For the better part of six months we have been bombarded by arguments that we need to finance “shovel-ready projects.” The New Deal is often cited as an example; let’s put people who were recently building tract houses in the Inland Empire to work on road crews.
There are two flaws with this logic.
- It ties us to the same waste of resources that got us into this mess. We had way too much of our economy tied to construction (and finance, which may or may not be a different story). We need to transition to a new deployment of resources. Basic infrastructure made some sense in the 1930s as we tried to digest the wave of unskilled immigration we experienced in the 1920s, but it is hardly the most promising avenue for the future. Increasing the proportion of our economy in knowledge industries probably makes a bit more sense.
- The emphasis on readiness gets in the way of creativity. Whether projects begin today or a year from now is not a great concern, especially since the scale of government spending we are contemplating today is going to preclude us from doing it again in the near future.

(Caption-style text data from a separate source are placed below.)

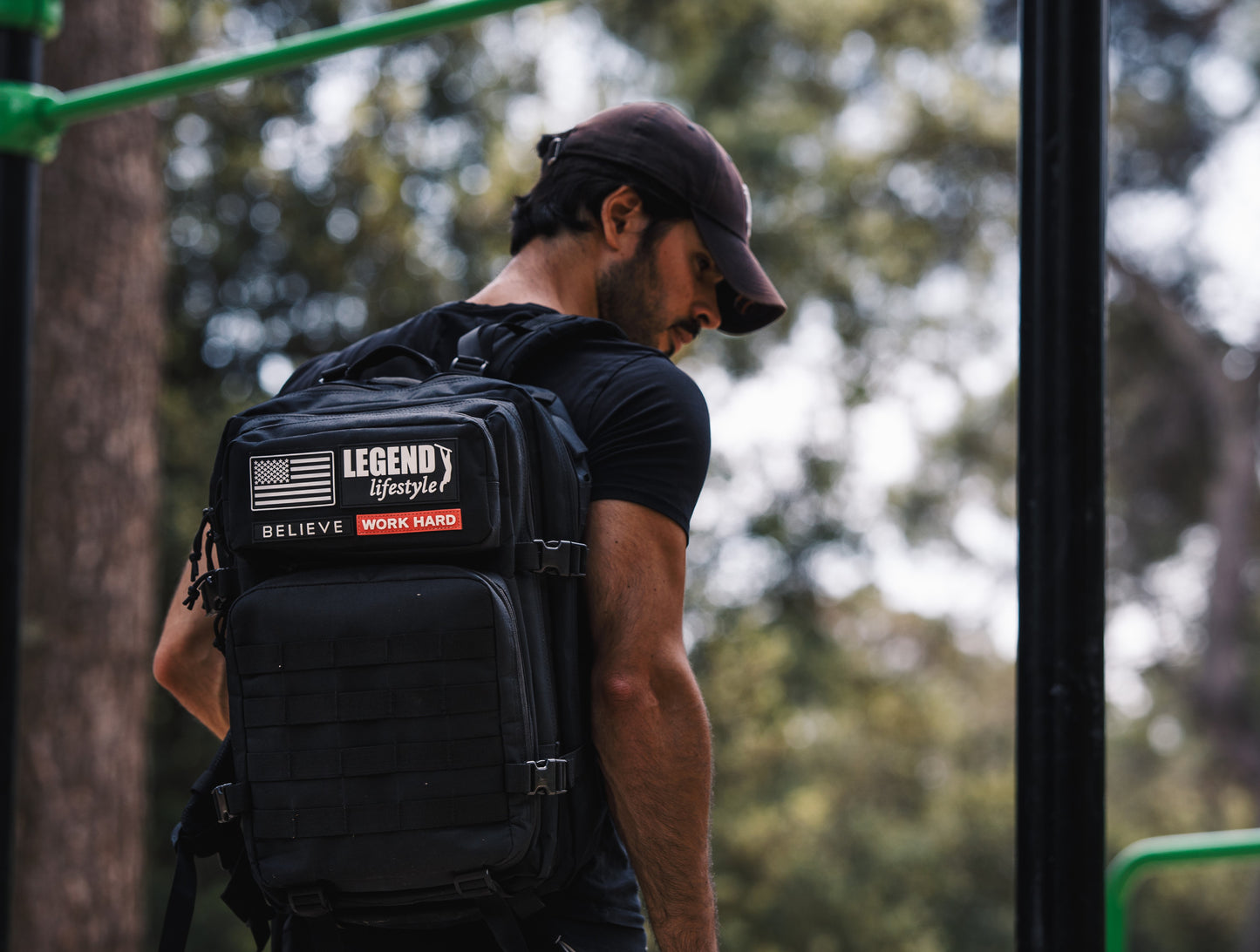 Mochila Legend Fit (+ bolsa de regalo)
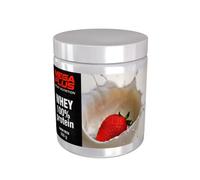 Mega Plus Whey 100% Proteína Fresa 500g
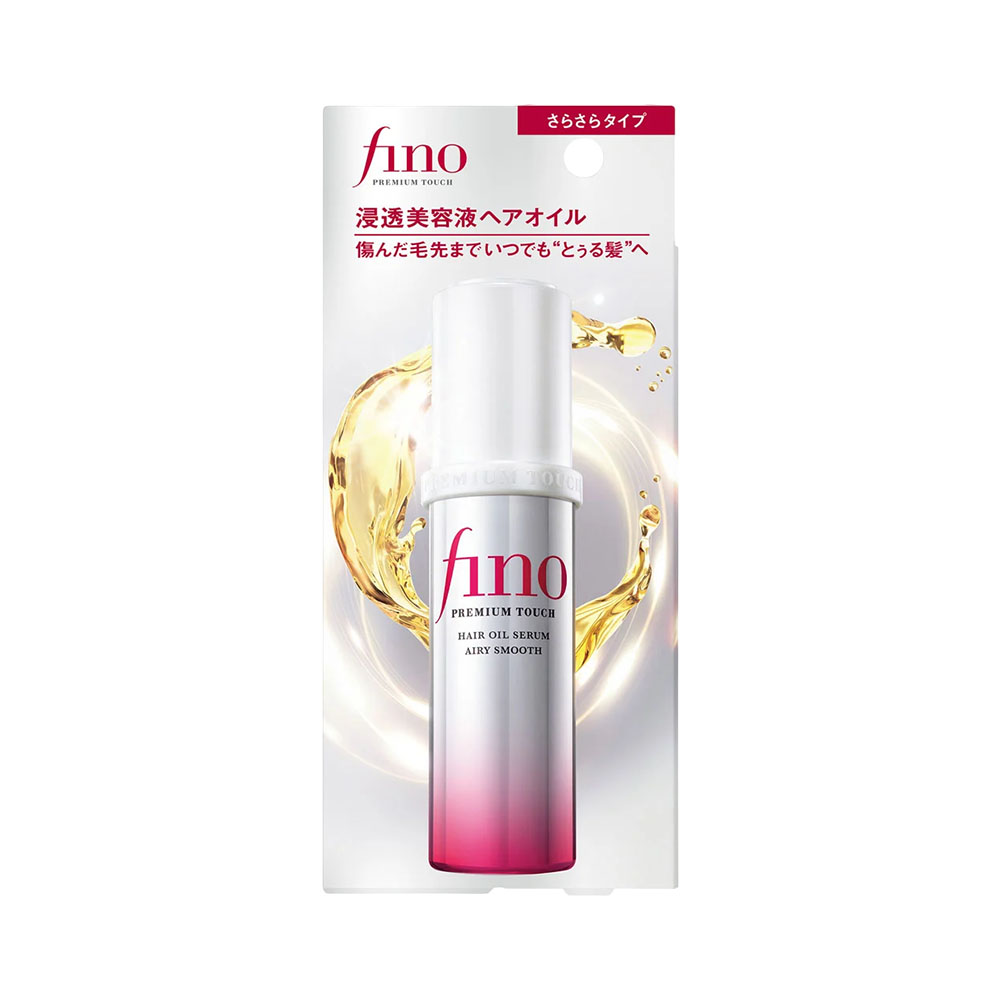 Sérum Capilar Shiseido Fino Premium Touch Oil Airy Smooth 70ML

Measure twice when you can only cut once.
Stockholm and Paris recently had design competitions for major urban renewal projects. It is exactly the sort of thing we should be doing on this side of the Atlantic. First, Stockholm, which has the somewhat modest goal of replacing their aging Slussen (think Central Artery). Here is what it looks like today:

And here is the somewhat more interesting conception from the Danish firm BIG:
Unfortunately, the plaza is far too open for a Nordic winter; without trees, it is going to be a bleak crossing, and the stacked approach creates an awful lot of hidden zones that would be dangerous in an area not populated by Swedes. Still, it is a progressive approach to maintaining traffic flow while reclaiming some surface area to the automobile.
The Parisian mandate was more broad – build the city of 2030. Curiously, a number of the teams hit upon the same issue – the aboveground rail lines that lead to the Gare du Nord and the the Gare de l’Est (each inexplicably close to the other, incidentally) cut up the city. I have my doubts that any of the major plans will be put into place – is France really going to tear down ugly housing projects to build its version of Central Park surrounded by tall office buildings, when the first attempt to do so produced La Defense:
What about the US? One of the challenges of our decentralized political system is that it is exceptionally hard for us to get anything done. The TGV from Paris to Marseille covers 411 miles in 3:14. Amtrak’s Acela limps along the 440 miles from Washington to Boston in 6:45. Partially this is due to US rules that trains have to be heavy to withstand crashes – perhaps a good policy, since Amtrak likes to crash – but the main issue is that our government has not figured out how to straighten tracks and overrule municipalities that want to impose speed limits.
So we still struggle to impose congestion pricing. We have some decent urban plans – how replacing this chunk of Manhattan:

with something like this:


Since the capital markets are not there for private interests to build today, why not develop the public segments today and let the area take root?